Top-Flight Gem 1908-D Indian Head Five
Among the Finest Certified

1908-D $5 MS65 PCGS. There are numerous connections between noted sculptors-coin designers Augustus Saint-Gaudens, Bela Lyon Pratt, Saint-Gaudens assistant Henry Hering, and Yale University in New Haven, Connecticut. Saint-Gaudens, of course, achieved renown both as a sculptor and designer of the double eagle and eagle coins that bear his name. Bela Lyon Pratt (1867-1917), designer of the incused Indian Head quarter eagle and half eagles, was a Norwich, Connecticut, native who began study at age 16 at the Yale School of Fine Arts. At age 19 he entered the Art Students League in New York, where Saint-Gaudens taught. On Saint-Gaudens' recommendation Pratt studied at Paris' École des Beaux-Arts, returning to the United States in 1892. He was appointed Professor of Sculpture at the Boston Museum School of Fine Arts in 1894. Pratt was awarded a Bachelor of Fine Arts degree from Yale in 1899. (A note in Roger Burdette's seminal Renaissance of American Coinage 1905-1908 notes that "Pratt was not one of Augustus' assistants, and may have considered The Saint more of a competitor than mentor." Nonetheless, the Yale website identifies Pratt as Saint-Gaudens "former assistant.")
Yale's famous statue of Revolutionary War hero-martyr Nathan Hale, which stands on the Old Campus outside of Connecticut Hall where Hale slept as a Yale student, is a Bela Lyon Pratt design. The alumni donors who commissioned the statue were unable to afford Saint-Gaudens' fee, so they turned to Pratt for the design. In Yale's Memorial Hall (part of Woolsey Hall), a memorial to the Yale graduates who gave their lives in the Civil War is graced by four statues, "Peace, Devotion, Memory, and Courage," designed by Saint-Gaudens' assistant Henry Hering. According to the Yale site, "Dynamic crevices and profound shadows temper the rigid austerity of the cold marble bodies, connecting this monument stylistically to the work of Hering's mentor, the celebrated turn-of-the-century American sculptor Augustus Saint-Gaudens."
When the novel, incused Indian Head-design quarter eagles and half eagles made their debut in 1908, no less prominent a numismatist than Samuel H. Chapman fired off a pointed criticism of the design to President Roosevelt, objecting to--among other things--the eagle, the Indian's portrait, and the incuse design. Roosevelt sent the objections on to his friend William Sturgis Bigelow, whose impetus for the incuse coinage led to his hiring Pratt to model the designs. Bigelow refuted the objections point by point, to which Chapman provided a rebuttal, but in any case the gold coinage proceeded, although little loved at the time.
Despite a plentiful mintage of 148,000 coins, the 1908-D is a difficult issue to obtain in Gem grade. Most survivors average MS62 or thereabouts. In MS65, the present example is one of only eight pieces so graded at PCGS, with an added four at NGC (7/07). This lovely coin offers primarily antique-gold, mattelike surfaces imbued with tinges of greenish-gold. Both sides are exceptionally distraction-free, with a few trivial contact marks on the reverse noted at E PLURIBUS UNUM. A delectable first-year Gem of this popular issue, suited for a top-flight gold collection.
From The Jim O'Neal Collection of Indian Half Eagles.(Registry values: N7079)

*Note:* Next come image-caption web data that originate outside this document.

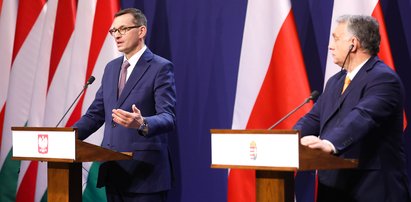 Coraz gorzej na linii PiS-Orban? Morawiecki potępia i „pobudza do myślenia”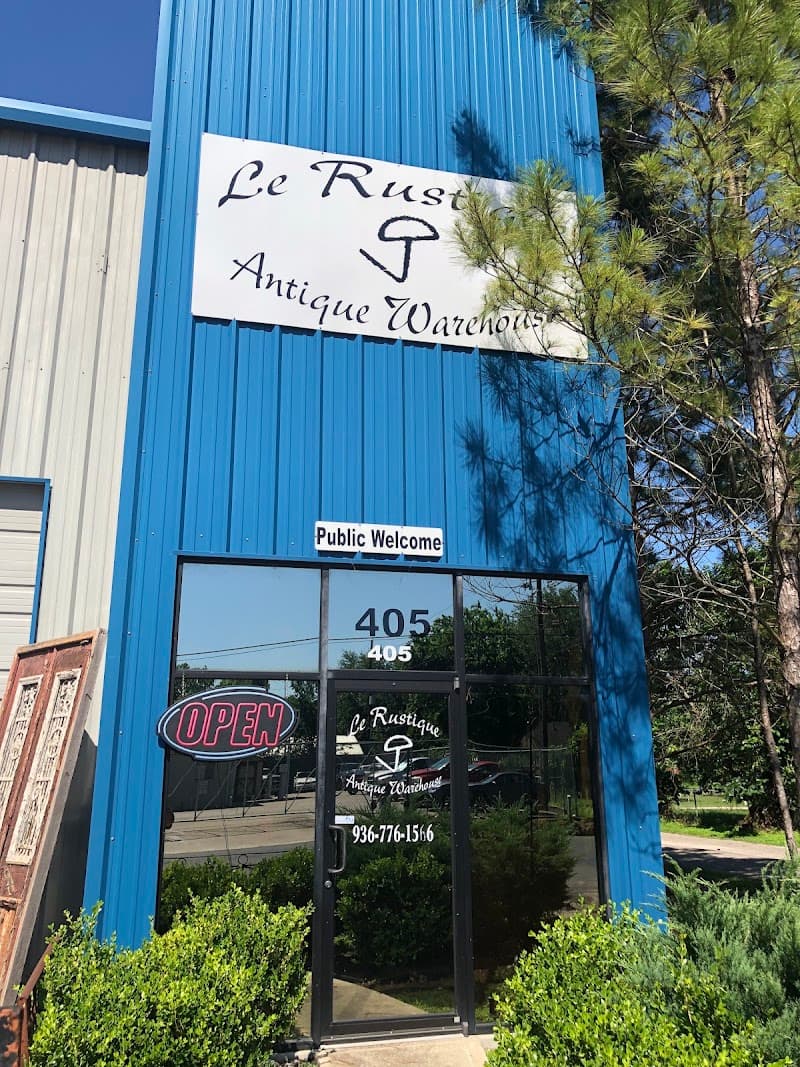Le Rustique Antique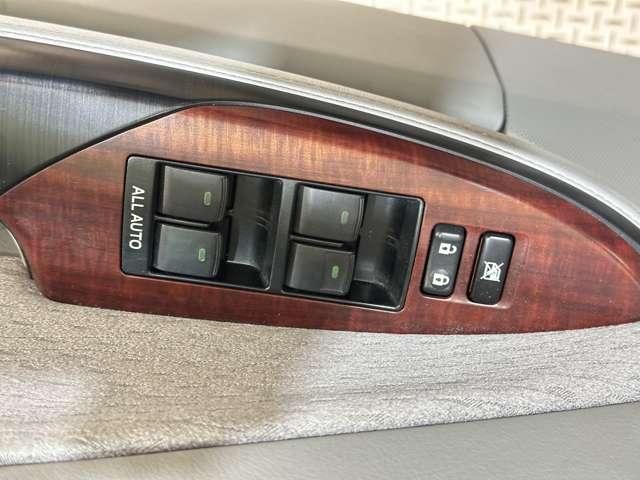 CROWN sedan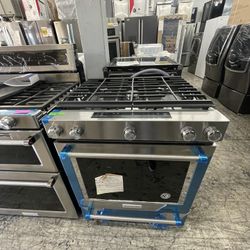 Kitchen Aid 30” Freestanding Gas Range In Stainless Steel New Open Box 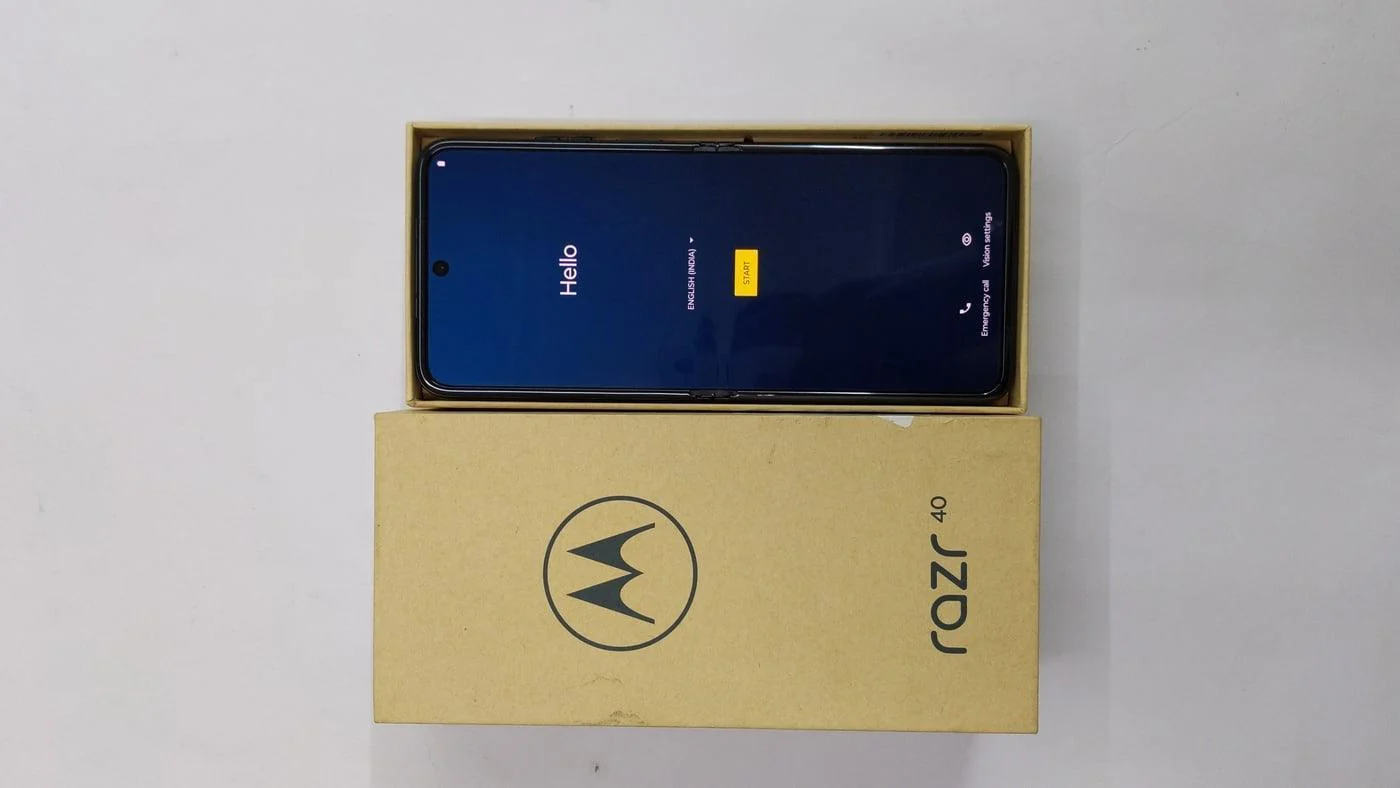 Moto Razr 40 5G 8/256GB Refurbished - Image 4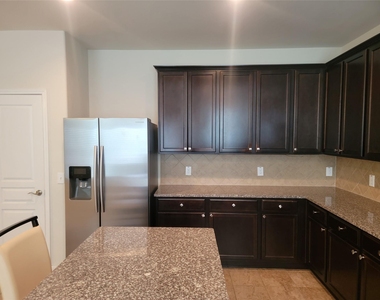 20135 Linden Spruce Lane - Photo Thumbnail 6
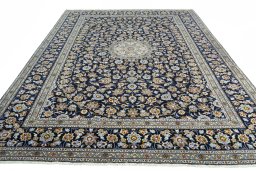 Surface texture of 2000s Kashan rug with natural Wool and intricate pattern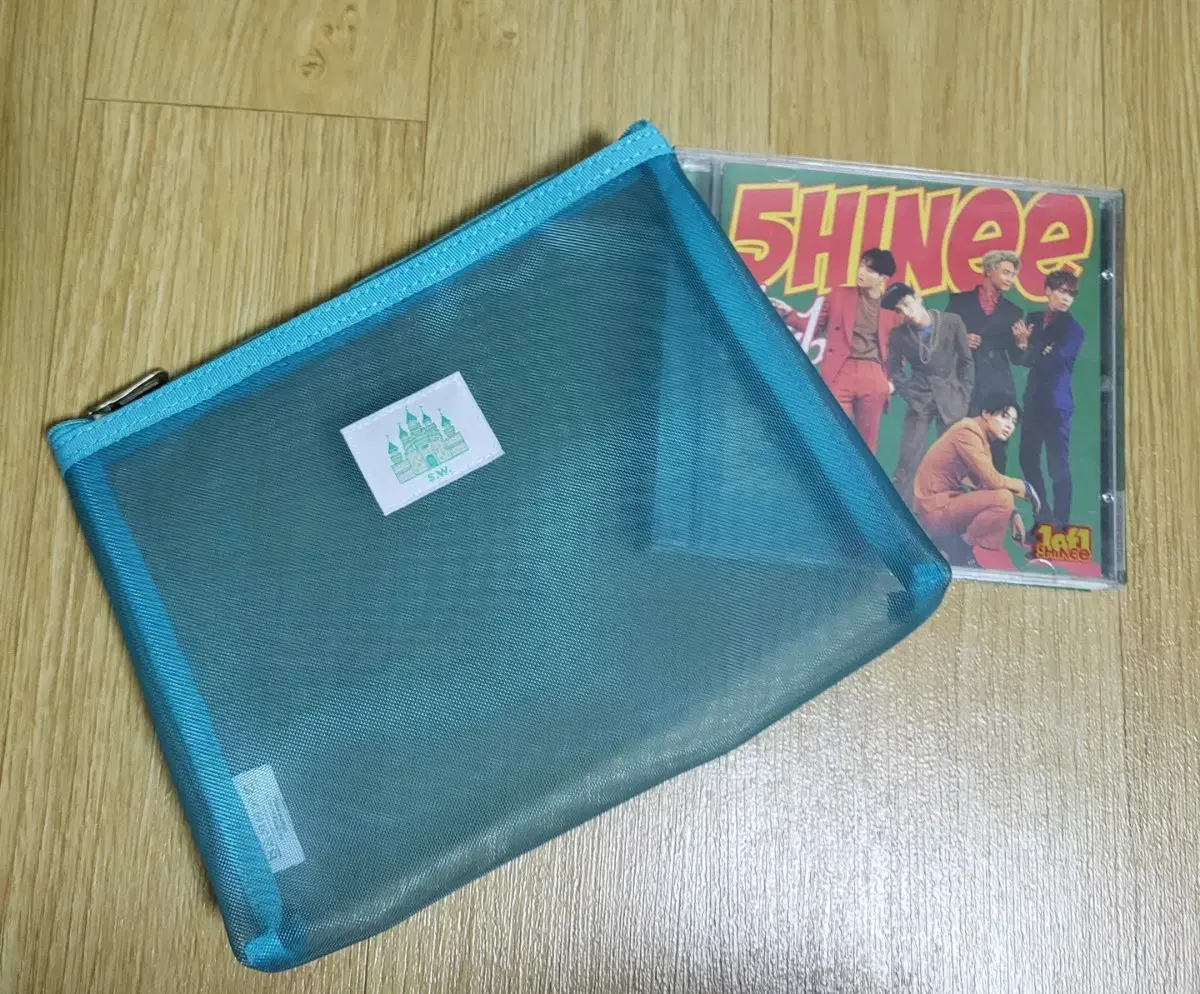 SHINee 1 of 1Album + Bonus shinee World Fan Club official goods Pow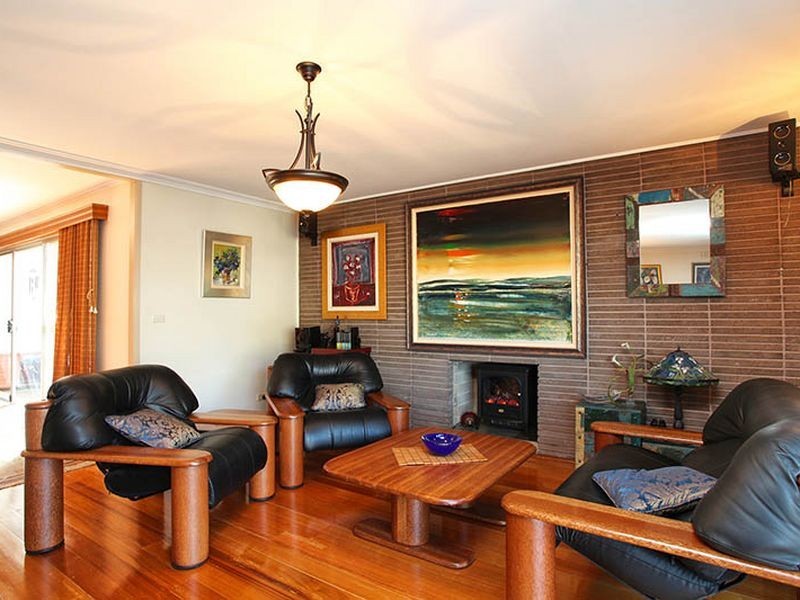 2 Saxby Court, Wantirna South VIC 3152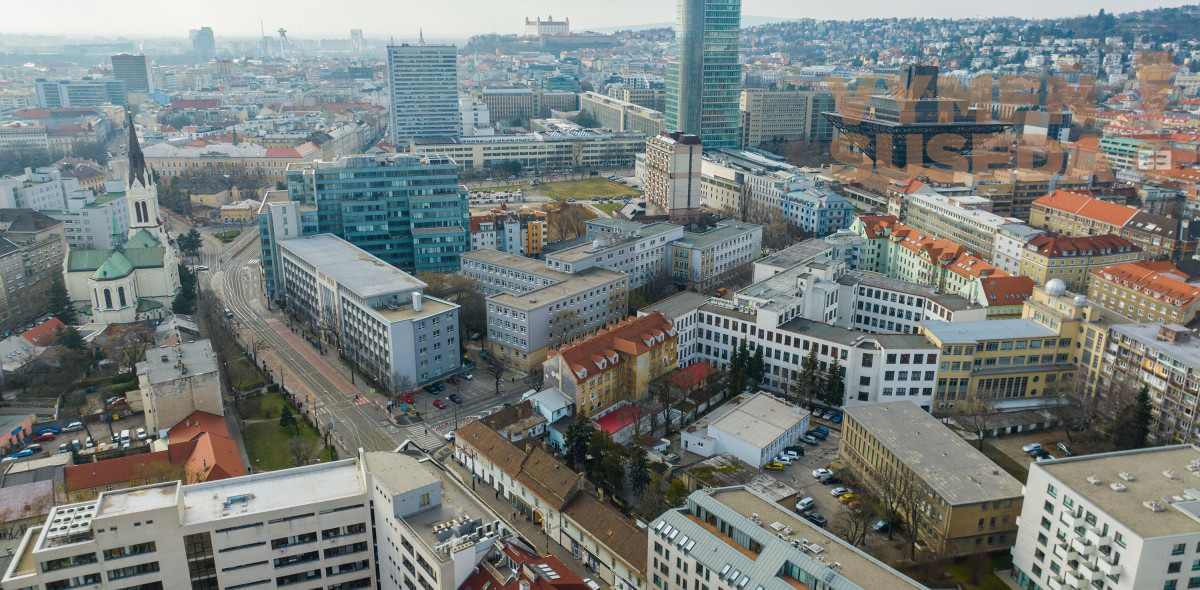 PRENAJATÉ - VÝNIMOČNÝ TEHLOVÝ 2 IZB. BYT v úplnom centre Starého mesta, Vazovova ulica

Coin Index Numbers: (NGC ID# 28DF, PCGS# 8511, GSID# 9317)

Metal: 90% Gold, 10% Copper
Weight: 8.36 grams
AGW: 0.24188oz
Mintage: 148,000


Note for clients in the European Union: This lot is considered by the European Union to be “investment gold”. We believe that it meets the criteria established in Article 344(1), point (2) of Council Directive 2006/112/EC and thus should be exempt from import VAT regardless of the selling price. Any questions or concerns about VAT should be addressed to your accountant or local tax authority.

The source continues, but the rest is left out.